In Behavioral Scientist Christina writes:
"Emotions are, by definition, temporary. So is attention. Using activity-mobilizing emotions such as fun, hope, anger, or fear can work exceptionally well to kick-start a new habit, but we still have months or even years of behavior change ahead of us. What we need is a cocktail of policies—including regulations, incentives, and nudges—that will promote good habits, even when our motivation has died down."
She rhetorically continues with the question "How can we generate long-term behavior change when compliance isn’t exciting anymore?" - and then serves the answers. Interested readers should read the full article Why Triggering Emotions Won't Lead to Lasting Behavior Change
For busy readers we can reveal the solutions in headlines:
"1) Perhaps the most successful example is defaults. Individuals defaulted into pension plans, two-sided printing, or renewable energy for their home seem to stick with the option.

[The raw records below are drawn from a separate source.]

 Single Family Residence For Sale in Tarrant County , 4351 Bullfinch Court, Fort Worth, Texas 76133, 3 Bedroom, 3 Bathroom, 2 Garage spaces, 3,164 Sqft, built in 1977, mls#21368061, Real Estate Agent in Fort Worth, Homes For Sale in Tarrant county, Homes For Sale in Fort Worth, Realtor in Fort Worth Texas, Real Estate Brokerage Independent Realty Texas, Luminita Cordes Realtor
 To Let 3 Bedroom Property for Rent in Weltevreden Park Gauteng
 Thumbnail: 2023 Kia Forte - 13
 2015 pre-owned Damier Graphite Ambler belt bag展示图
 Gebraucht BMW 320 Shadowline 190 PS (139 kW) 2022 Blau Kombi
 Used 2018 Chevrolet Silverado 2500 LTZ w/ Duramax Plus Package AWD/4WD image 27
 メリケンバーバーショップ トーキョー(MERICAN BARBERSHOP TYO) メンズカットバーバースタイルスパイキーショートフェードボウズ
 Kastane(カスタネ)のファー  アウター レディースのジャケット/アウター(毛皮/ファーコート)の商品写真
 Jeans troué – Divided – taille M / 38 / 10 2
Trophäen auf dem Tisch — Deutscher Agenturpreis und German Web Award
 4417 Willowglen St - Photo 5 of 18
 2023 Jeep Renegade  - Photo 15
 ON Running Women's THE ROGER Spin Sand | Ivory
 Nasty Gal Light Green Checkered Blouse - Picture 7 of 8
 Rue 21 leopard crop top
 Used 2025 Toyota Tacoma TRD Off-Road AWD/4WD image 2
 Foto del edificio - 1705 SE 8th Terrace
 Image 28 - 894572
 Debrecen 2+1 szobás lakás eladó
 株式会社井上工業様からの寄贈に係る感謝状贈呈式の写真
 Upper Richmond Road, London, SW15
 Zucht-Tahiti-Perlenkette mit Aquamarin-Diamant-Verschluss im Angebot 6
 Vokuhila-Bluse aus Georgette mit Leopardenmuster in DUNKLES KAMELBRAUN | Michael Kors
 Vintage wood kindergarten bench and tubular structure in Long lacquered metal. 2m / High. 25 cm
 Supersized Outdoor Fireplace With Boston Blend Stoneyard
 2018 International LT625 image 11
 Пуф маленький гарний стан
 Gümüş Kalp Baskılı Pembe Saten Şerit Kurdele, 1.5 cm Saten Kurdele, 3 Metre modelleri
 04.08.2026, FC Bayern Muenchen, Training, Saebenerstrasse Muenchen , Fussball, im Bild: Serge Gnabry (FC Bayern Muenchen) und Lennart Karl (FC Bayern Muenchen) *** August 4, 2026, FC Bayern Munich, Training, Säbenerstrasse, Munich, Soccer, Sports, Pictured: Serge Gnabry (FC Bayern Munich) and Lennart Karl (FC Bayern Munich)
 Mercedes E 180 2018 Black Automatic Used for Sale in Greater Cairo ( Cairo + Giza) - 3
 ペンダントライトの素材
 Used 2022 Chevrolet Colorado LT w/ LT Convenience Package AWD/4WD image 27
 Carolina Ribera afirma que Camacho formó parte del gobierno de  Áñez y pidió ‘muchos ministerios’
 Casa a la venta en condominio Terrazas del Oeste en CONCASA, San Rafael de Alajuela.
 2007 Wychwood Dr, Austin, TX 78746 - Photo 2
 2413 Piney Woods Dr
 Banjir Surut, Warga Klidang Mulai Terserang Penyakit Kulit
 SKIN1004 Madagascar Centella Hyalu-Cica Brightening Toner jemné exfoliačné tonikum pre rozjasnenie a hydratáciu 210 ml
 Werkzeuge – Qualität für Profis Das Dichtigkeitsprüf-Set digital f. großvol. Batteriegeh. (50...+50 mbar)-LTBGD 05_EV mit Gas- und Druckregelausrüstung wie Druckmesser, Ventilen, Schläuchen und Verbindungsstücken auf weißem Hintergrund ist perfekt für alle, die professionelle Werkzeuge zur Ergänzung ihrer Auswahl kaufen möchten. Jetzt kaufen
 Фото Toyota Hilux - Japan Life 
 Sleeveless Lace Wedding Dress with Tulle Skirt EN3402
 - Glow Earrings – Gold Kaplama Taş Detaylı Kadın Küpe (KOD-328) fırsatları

2) Salience has also proven to be effective in the long term. Placing vegetarian food on top of a menu makes it more likely that customers will select it, and real-time feedback while showering reduced energy consumption of hotel guests.
What do these nudges have in common? They are typically not consciously noticed by the decision maker. Grabbing a ceramic cup conveniently stacked next to the coffee machine instead of a paper one from the cupboard does not require you to think about saving the rainforest before your morning coffee. The less conscious the nudges are the less they are prone to wearing off or even backfiring, regardless of whether you agree with the goal of the nudge or not."
Sprinting through all Christinas good arguments and examples we rush to her wrap up.
"Like fighting climate change or obesity, overcoming this health crisis will be a marathon, not a sprint. Nudges can make it easier to do the right thing, but we need to take into account how they differ in their short- and long-term impact on our behavior. Our collective health depends on it."